Specifically, it’s not that hard to incrementally increase ones collection by starting small, looking for used instances of the stuff you’re interested in, saving some discretionary income, buying up, etc. And for many people, that’s the actual fun part!
And while there’s an element of snake oil[1] and grift, in general both HE audio and watches are physical objects that can be inspected for quality. I.e. even if paying 6 figures or more for a turntable with a cast iron bed[2] is a lot of money in absolute terms, you are getting a physical object that has intrinsic worth, if only to other HE audio enthusiasts.

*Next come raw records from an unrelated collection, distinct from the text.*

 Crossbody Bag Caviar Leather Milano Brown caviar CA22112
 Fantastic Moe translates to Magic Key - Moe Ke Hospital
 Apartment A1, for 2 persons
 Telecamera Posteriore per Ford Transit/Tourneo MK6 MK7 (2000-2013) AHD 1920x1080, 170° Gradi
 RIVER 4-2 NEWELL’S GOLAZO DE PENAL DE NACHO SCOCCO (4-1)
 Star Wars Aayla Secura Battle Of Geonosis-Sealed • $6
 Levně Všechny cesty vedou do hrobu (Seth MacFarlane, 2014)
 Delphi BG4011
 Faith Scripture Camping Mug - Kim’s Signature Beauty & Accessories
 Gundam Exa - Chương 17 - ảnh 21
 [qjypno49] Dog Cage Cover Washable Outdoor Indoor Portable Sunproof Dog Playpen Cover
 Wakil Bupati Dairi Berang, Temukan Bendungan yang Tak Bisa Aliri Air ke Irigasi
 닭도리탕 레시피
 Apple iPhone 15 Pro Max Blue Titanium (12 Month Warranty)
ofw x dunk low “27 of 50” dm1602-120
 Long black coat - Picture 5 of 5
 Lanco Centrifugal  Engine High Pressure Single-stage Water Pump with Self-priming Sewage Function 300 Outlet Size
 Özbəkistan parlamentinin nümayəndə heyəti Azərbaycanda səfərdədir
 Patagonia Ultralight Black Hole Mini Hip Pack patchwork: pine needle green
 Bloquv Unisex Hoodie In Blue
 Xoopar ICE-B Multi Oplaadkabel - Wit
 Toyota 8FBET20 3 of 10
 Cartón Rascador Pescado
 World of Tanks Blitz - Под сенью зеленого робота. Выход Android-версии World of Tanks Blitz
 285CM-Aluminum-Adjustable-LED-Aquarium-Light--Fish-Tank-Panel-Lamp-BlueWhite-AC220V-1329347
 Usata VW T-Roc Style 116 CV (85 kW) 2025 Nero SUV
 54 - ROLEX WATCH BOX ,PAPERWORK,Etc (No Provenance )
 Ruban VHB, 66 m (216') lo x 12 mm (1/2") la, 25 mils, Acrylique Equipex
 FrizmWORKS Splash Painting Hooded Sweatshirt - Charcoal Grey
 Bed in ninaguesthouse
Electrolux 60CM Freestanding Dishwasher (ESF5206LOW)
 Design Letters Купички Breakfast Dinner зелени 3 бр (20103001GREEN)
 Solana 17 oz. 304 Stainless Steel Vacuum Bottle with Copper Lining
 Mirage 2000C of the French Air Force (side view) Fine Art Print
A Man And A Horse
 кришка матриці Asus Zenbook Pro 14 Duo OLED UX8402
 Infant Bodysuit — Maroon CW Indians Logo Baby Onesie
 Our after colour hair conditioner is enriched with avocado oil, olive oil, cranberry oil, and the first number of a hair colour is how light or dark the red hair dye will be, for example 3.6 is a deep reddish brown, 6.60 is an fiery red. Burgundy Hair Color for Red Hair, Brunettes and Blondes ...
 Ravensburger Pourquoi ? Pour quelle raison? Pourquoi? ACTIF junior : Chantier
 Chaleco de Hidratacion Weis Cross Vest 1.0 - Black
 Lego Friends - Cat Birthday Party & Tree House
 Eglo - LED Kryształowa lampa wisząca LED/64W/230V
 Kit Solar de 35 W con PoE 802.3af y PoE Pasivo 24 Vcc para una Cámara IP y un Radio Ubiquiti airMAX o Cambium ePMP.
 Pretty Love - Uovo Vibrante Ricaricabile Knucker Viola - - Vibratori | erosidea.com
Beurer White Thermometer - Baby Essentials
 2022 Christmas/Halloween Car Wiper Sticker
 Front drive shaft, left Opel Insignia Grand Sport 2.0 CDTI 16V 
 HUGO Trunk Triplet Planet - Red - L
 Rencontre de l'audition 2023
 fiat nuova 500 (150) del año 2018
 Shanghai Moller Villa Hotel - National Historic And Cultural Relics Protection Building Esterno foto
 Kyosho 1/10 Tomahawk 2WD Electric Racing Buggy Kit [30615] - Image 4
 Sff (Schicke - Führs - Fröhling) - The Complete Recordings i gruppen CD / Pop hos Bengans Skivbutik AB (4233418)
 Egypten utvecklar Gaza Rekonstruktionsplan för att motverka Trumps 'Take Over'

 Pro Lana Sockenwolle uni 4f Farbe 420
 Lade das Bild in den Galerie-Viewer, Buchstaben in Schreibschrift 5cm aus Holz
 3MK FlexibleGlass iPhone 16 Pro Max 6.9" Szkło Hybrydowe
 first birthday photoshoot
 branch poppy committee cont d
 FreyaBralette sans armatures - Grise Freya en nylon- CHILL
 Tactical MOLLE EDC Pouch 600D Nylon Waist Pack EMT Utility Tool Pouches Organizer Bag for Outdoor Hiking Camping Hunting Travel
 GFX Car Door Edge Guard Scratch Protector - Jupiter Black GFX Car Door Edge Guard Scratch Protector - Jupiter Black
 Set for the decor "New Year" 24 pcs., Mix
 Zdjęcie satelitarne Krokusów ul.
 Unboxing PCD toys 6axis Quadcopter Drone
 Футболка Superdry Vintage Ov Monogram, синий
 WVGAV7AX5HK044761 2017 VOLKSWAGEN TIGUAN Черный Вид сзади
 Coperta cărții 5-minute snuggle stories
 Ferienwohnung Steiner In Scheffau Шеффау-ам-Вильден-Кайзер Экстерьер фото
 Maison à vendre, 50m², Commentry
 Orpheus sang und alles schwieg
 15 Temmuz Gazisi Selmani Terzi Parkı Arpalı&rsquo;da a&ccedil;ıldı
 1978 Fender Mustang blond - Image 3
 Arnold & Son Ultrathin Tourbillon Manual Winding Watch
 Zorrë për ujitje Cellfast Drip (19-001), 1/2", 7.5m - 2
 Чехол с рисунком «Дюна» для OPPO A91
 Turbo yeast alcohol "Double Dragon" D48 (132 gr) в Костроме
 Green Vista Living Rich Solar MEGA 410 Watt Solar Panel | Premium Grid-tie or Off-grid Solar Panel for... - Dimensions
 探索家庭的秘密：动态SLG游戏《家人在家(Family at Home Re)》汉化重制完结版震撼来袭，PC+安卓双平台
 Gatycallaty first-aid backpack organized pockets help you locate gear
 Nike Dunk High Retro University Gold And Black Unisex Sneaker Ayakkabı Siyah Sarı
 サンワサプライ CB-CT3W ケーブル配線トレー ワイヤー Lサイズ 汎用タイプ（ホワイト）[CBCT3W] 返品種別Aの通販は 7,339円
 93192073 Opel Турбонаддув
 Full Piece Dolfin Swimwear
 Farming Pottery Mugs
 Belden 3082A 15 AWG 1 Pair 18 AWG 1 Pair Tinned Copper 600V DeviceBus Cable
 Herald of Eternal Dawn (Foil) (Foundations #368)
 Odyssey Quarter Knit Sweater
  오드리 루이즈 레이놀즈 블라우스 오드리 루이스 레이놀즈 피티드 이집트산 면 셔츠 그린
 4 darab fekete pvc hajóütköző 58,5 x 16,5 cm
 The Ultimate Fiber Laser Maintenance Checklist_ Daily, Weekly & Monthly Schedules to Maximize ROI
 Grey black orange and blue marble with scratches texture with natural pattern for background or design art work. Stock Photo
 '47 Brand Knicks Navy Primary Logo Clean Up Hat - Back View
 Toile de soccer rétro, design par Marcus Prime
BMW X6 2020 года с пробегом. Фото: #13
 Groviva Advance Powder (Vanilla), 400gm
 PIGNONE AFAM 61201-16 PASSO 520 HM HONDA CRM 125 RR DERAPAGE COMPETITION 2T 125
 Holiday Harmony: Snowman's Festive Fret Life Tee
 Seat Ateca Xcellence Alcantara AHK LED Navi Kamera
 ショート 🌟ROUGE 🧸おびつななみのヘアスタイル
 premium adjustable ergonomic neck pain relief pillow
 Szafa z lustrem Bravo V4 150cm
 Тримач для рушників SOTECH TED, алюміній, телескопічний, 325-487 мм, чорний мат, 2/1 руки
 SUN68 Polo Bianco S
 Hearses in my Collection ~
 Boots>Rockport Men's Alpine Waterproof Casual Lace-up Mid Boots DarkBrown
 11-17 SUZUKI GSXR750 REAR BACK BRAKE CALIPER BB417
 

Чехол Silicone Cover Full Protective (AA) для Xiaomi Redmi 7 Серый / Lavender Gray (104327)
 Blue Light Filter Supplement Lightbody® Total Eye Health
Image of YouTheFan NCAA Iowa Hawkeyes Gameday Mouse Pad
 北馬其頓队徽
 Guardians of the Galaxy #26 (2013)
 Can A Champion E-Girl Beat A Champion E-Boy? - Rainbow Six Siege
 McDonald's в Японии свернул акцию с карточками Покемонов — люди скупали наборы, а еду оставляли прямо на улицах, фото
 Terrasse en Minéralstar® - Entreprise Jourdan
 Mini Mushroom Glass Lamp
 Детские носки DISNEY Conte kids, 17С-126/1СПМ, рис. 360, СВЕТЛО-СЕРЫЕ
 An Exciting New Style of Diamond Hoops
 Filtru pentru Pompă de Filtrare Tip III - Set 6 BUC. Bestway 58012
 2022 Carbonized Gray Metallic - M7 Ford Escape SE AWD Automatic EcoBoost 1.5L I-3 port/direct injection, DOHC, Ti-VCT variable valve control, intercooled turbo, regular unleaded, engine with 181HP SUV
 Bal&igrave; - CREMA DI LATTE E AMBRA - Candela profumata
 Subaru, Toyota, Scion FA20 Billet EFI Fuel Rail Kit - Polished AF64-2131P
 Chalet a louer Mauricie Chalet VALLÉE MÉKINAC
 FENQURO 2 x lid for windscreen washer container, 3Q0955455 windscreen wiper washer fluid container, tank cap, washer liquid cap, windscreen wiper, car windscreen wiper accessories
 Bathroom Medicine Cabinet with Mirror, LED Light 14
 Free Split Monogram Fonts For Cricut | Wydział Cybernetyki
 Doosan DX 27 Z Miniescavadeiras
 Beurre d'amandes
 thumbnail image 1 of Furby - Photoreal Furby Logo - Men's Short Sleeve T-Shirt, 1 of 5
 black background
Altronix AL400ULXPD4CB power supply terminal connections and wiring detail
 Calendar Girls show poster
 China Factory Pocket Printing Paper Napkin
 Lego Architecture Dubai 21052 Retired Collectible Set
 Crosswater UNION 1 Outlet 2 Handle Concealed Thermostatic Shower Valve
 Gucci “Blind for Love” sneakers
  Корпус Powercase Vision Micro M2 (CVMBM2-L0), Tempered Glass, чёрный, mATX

[1] I tried to find some examples and ran across this piece about expensive audio ethernet cables: https://arstechnica.com/gadgets/2015/07/gallery-we-tear-apart-a-340-audiophile-ethernet-cable-and-look-inside/. While excessively priced they are not outright fraudulent.
[2] price source: https://harpers.org/archive/2022/12/corner-club-cathedral-cocoon-audiophilia-and-its-discontents/
Having read through a dozen or so posts in that thread I really think the whole thing is a parody, not an actual debate. So much sarcasm and only the craziest possible statements without even any fluff of normal programing discussion that stands in the way.
Nice humor, and at some points even brilliant parody, but it would take a lot to convince me that was real. Too many people at once saying they did specific things that aren’t actually possible…
OMG of course it is. I’m stunned to see people taking it so seriously. Surely it was all ridiculous humour 10+ years ago and it still is now? Follow the thread, read the posts, it’s just the most wonderful piss-take all the way through. I’m prepared to be totally wrong and if this guy genuinely thinks the things he’s saying then OK, but seriously, just read the thread with a smirk and oh dear it’s just hilarious. Not meant to be any more nor any less. Just excellent piss-take fun.
You can download the final program here: https://drive.google.com/drive/folders/0B3vvH5WBfg8PR0lHZzR6d012OXM
Code can be parody too.
I read his other posts on the forum to confirm he learned programing just for this project. He’s not a parody.
That’s amazing. And I hadn’t seen it!
Thanks for a good laugh, and for showing me several people I need to follow in the fediverse.
I love that this was a Mastodon/Fediverse link; I originally saw it from @DanCrossNYC.